Cela étant dit, si l'on veut étendre la conception de la laïcité à la française à l'ensemble de ces territoires, des « marges de progression » subsistent, comme on dit au Quai d'Orsay. Ces territoires, il faut le comprendre, ont une conception différente de la nôtre. Certes, nombre des ministres présents hier partageaient notre conception. Pour autant, il est difficile, dans les différents pays que vous connaissez admirablement, madame Khiari, de séparer citoyenneté et religion et d'établir une hiérarchie.

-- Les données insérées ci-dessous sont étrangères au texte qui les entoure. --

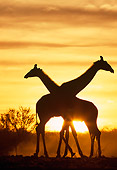 AFW 09 MH0041 01
Silhouette Of Two Masai Giraffes Walking On Savanna At Sunset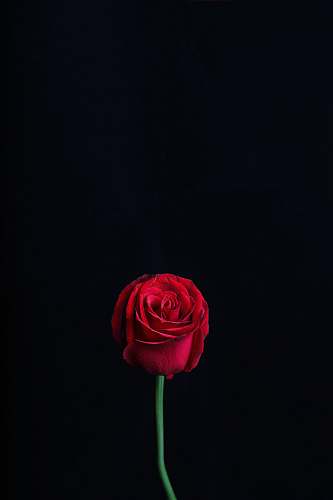 rose red rose blossom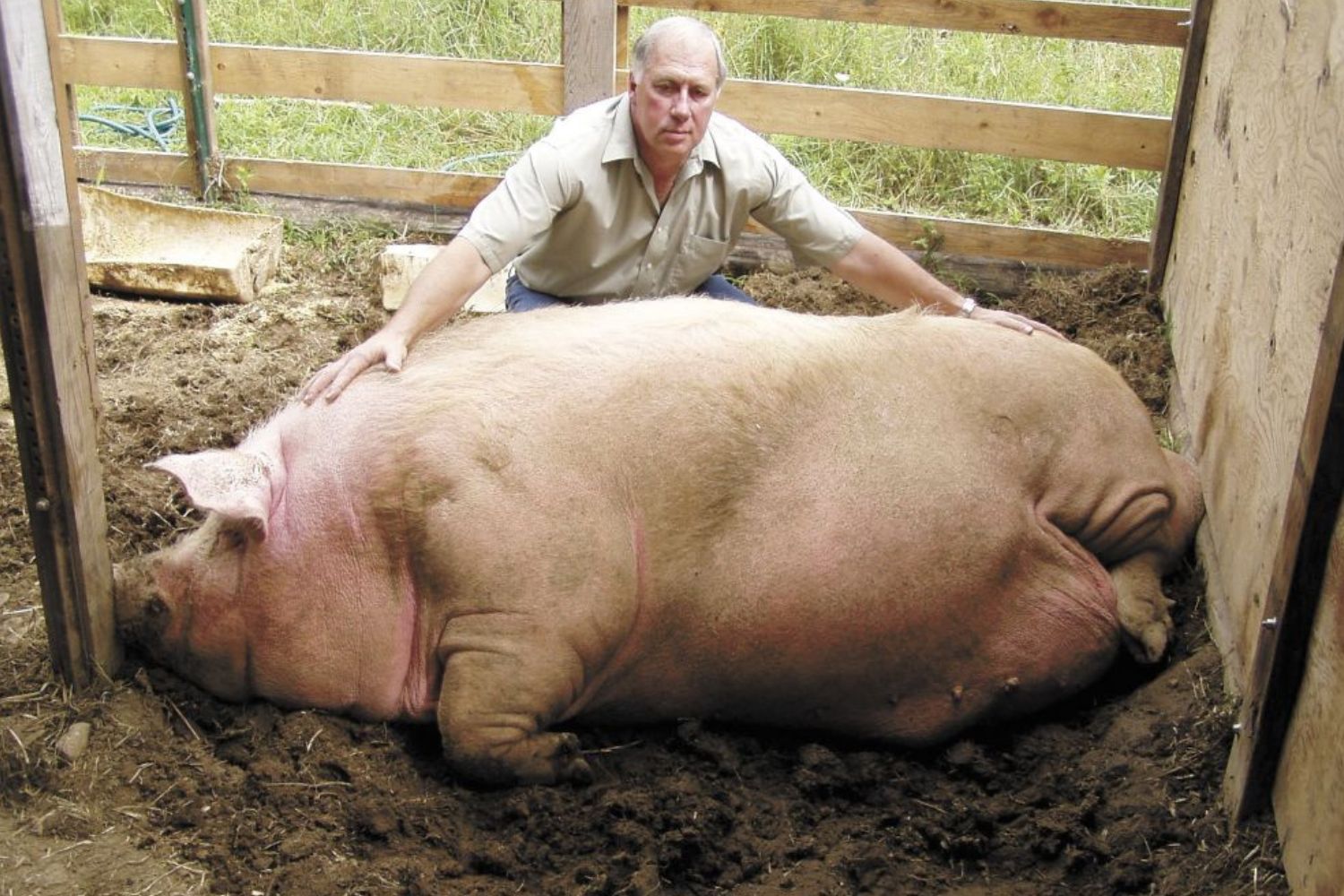 Big Bill: O maior porco da história que parecia um carro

Enfin, je suis tout à fait d'accord sur le fait qu'on ne peut pas exercer le devoir d'asile, car c'est ainsi qu'on devrait l'appeler, en décidant de n'accueillir que M. X, de telle ou telle religion, et non Mme Y, de confession différente. Or c'est un discours que l'on entend de plus en plus, notamment en Europe. Un travail considérable doit être effectué sur ce sujet. La situation générale étant assez difficile, il faut éviter les simplismes.
Vous aurez prochainement l'occasion de parler d'immigration avec Bernard Cazeneuve. On voit bien ce qu'il faut faire, mais ce qui est possible avec un certain nombre de personnes ne l'est plus si ce nombre augmente. À un certain moment, les principes se heurtent aux réalités. Il faut donc faire très attention. La France n'est pas soumise à la même pression que l'Allemagne, par exemple, car elle reçoit moins de demandes, mais il est tout à fait normal qu'elle prenne sa part. Toutefois, si le nombre de demandes devait augmenter, la situation deviendrait très compliquée et aurait des conséquences sur d'autres sujets.
À cet égard, vous avez sans doute été frappés par les sondages effectués sur le référendum britannique avant même que ne soit posée très fortement la question des migrations.
Je pense donc que nous devons réfléchir à ces questions de manière très posée - c'est l'esprit dans lequel le Sénat travaille en général -, en ayant à l'esprit le long terme et toutes les conséquences des décisions que nous prenons.
Par ailleurs, travaillant beaucoup à la préparation de la COP 21, je suis frappé par le fait que les changements climatiques n'auront pas seulement des conséquences strictement climatiques. Je prépare un voyage au Bangladesh avec mon homologue allemand. Du coup, j'étudie les chiffres et les réalités. Imaginez, si nous n'arrivions pas à maîtriser les dérèglements climatiques, ce qu'ils impliqueront en termes de mouvements migratoires. On pourra ajouter plusieurs zéros aux nombres que nous avons évoqués !
S'il ne faut pas faire peur inutilement aux gens, il faut tout de même leur donner la mesure du monde dans lequel nous vivons et prendre ses responsabilités. Il faut également songer aux pays d'origine, car il y a des raisons au fait que les gens se déplacent, qu'elles soient économiques ou diplomatiques. Nous devons être en situation d'accueillir des migrants dans des conditions qui soient acceptables par tous. Mais je m'écarte là quelque peu du sujet de notre rencontre.
Je vous remercie infiniment de votre accueil, mesdames, messieurs les sénateurs, et je me tiens à votre disposition.